***** Provided records

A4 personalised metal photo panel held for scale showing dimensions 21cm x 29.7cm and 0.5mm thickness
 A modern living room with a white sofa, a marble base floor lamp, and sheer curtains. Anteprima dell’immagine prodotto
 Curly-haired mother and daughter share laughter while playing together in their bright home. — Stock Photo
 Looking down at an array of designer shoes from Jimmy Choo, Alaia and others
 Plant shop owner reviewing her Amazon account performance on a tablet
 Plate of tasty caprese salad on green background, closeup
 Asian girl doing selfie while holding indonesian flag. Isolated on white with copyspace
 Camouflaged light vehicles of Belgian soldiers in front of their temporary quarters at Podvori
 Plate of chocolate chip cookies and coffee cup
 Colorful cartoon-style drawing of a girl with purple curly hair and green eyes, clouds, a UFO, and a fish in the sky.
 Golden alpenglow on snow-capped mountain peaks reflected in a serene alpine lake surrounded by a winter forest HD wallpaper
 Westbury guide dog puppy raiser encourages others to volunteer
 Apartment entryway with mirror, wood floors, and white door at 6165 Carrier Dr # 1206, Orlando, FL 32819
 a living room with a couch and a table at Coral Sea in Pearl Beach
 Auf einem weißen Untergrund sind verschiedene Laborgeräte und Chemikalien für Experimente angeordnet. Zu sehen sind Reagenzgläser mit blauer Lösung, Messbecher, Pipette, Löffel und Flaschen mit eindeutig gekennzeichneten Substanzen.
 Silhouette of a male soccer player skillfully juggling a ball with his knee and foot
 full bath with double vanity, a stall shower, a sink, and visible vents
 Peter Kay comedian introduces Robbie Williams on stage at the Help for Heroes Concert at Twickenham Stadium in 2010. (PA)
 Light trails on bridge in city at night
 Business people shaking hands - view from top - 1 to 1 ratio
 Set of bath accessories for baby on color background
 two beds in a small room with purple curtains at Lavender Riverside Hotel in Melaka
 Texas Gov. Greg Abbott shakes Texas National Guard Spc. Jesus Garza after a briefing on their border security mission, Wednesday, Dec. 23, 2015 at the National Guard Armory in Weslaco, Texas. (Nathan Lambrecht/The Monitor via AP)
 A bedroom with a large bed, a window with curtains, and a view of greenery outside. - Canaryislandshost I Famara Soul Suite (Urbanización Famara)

**********

● What is being asked
Type out the whole listing once more, exactly as written.

● Response to this exercise
A4 personalised metal photo panel held for scale showing dimensions 21cm x 29.7cm and 0.5mm thickness
 A modern living room with a white sofa, a marble base floor lamp, and sheer curtains. Anteprima dell’immagine prodotto
 Curly-haired mother and daughter share laughter while playing together in their bright home. — Stock Photo
 Looking down at an array of designer shoes from Jimmy Choo, Alaia and others
 Plant shop owner reviewing her Amazon account performance on a tablet
 Plate of tasty caprese salad on green background, closeup
 Asian girl doing selfie while holding indonesian flag. Isolated on white with copyspace
 Camouflaged light vehicles of Belgian soldiers in front of their temporary quarters at Podvori
 Plate of chocolate chip cookies and coffee cup
 Colorful cartoon-style drawing of a girl with purple curly hair and green eyes, clouds, a UFO, and a fish in the sky.
 Golden alpenglow on snow-capped mountain peaks reflected in a serene alpine lake surrounded by a winter forest HD wallpaper
 Westbury guide dog puppy raiser encourages others to volunteer
 Apartment entryway with mirror, wood floors, and white door at 6165 Carrier Dr # 1206, Orlando, FL 32819
 a living room with a couch and a table at Coral Sea in Pearl Beach
 Auf einem weißen Untergrund sind verschiedene Laborgeräte und Chemikalien für Experimente angeordnet. Zu sehen sind Reagenzgläser mit blauer Lösung, Messbecher, Pipette, Löffel und Flaschen mit eindeutig gekennzeichneten Substanzen.
 Silhouette of a male soccer player skillfully juggling a ball with his knee and foot
 full bath with double vanity, a stall shower, a sink, and visible vents
 Peter Kay comedian introduces Robbie Williams on stage at the Help for Heroes Concert at Twickenham Stadium in 2010. (PA)
 Light trails on bridge in city at night
 Business people shaking hands - view from top - 1 to 1 ratio
 Set of bath accessories for baby on color background
 two beds in a small room with purple curtains at Lavender Riverside Hotel in Melaka
 Texas Gov. Greg Abbott shakes Texas National Guard Spc. Jesus Garza after a briefing on their border security mission, Wednesday, Dec. 23, 2015 at the National Guard Armory in Weslaco, Texas. (Nathan Lambrecht/The Monitor via AP)
 A bedroom with a large bed, a window with curtains, and a view of greenery outside. - Canaryislandshost I Famara Soul Suite (Urbanización Famara)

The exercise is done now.